Tuesday of the Week of Lent I
But when the Pharisees heard that [Jesus] had silenced the Sadducees, they came together. And one of them, a lawyer, asked him a question, to test him. “Teacher, which is the greatest commandment in the law?” And he said to him, “You shall love the Lord your God with all your heart, and with all your soul, and with all your mind. This is the great and first commandment. And a second is like it, You shall love your neighbor as yourself. On these two commandments depend all the law and the prophets.” (Matthew 22:34-40)
Lenten disciplines often revolve around taking on some special, unusual devotional activity aimed at deepening our hunger for God, our commitment to God, and our sacrifice for God. The traditional Lenten activities are almsgiving (money for the poor and needy), prayer and fasting. (See Matthew 6) Each of these are time-tested, valuable disciplines that focus our attention during the season of Lent. Another, related to these three, might be “love of God and neighbor.”

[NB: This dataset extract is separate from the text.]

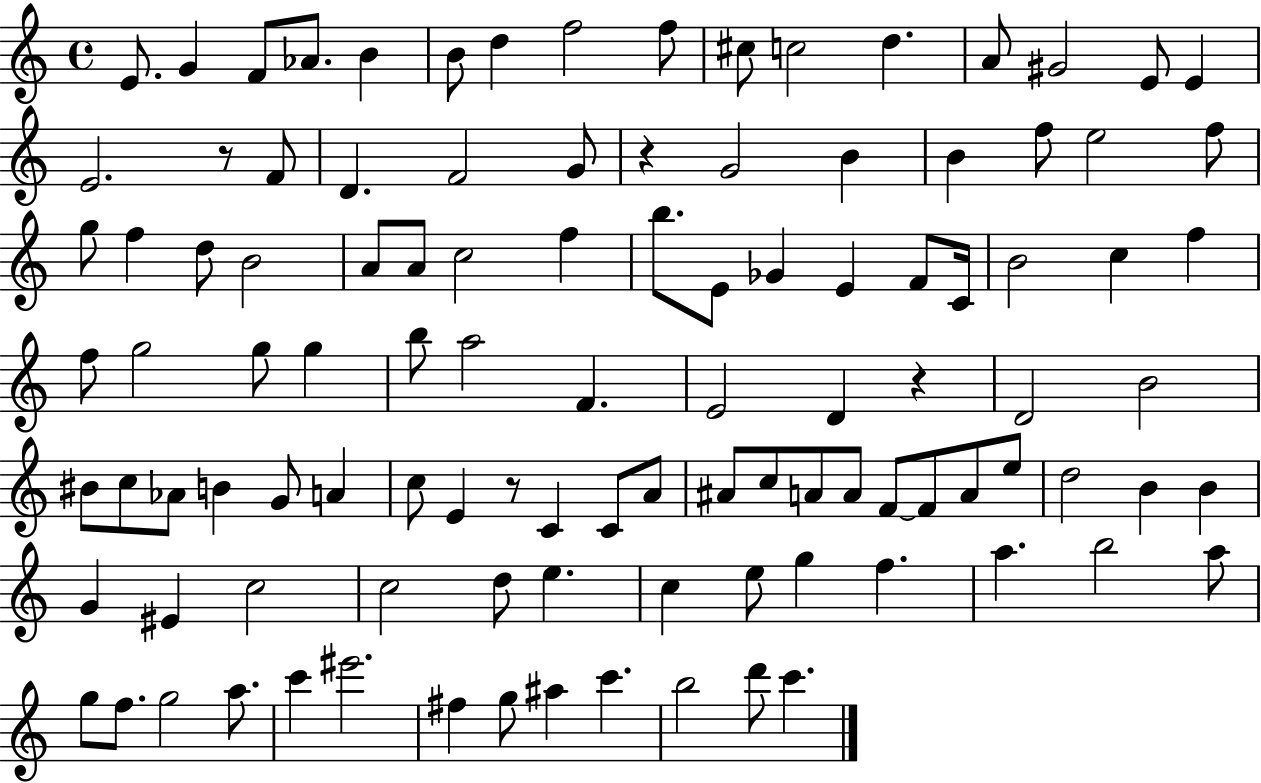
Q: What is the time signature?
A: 4/4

Martin Luther writes, “After I have apprehended Christ by faith, have died to the Law, have been justified from sin and have been freed through Christ from death, devil, and hell, I do good works. I love God, thank Him, I practice love toward my neighbor. But this love or the works that flow from it neither form my faith nor grace it, but my faith forms and graces love. This is our theology.” (What Luther Says, p. 822)
Because Christ has died and was raised that we might be justified, freed from sin, death and the devil, we do good works of love. We love God, thank Him, and next to that, we love our neighbor. Sometimes that’s easier than other times. It’s hard to love my neighbor when my neighbor is harsh, cruel, unkind. It’s also hard to love God when we are struggling, in pain, grieving. Blessedly, Luther reminds us that love doesn’t create faith, but love flows from faith—not in ourselves, but in God who comes to us in Jesus Christ, a gift of love, unmerited and undeserved. God so loved the world that he gave his only Son… not to condemn the world, but that the world might be saved through him (John 3:16-17). It is God’s love that creates faith in us, in Jesus, and it is that faith in God and His love that causes us to respond in love. How then can love of God and neighbor be a Lenten discipline?
Focus on God’s love in Jesus during Lent! Read John 3 and I John 4 daily to hear again of God’s great love for us! Consider not a wrathful, condemning God who judges sin, but meditate on the true God who, while hating sin, loves the sinner. And then, let us seek to love the sinner, too! Let’s seek to love the “lovable,” while also seeking to love the “unlovable”! Reach out with a phone call, card, kind gesture to the difficult family member, church member or next-door neighbor, expecting nothing in return, but only to share God’s love in some small way!
Prayer: Lord God, thank you for your love in the gift of Jesus, your Son. Help me, in faith, to love you and my neighbor more and more each day. Amen.
Lenten Response: Read John 3 and I John 4, and share God’s love with someone today!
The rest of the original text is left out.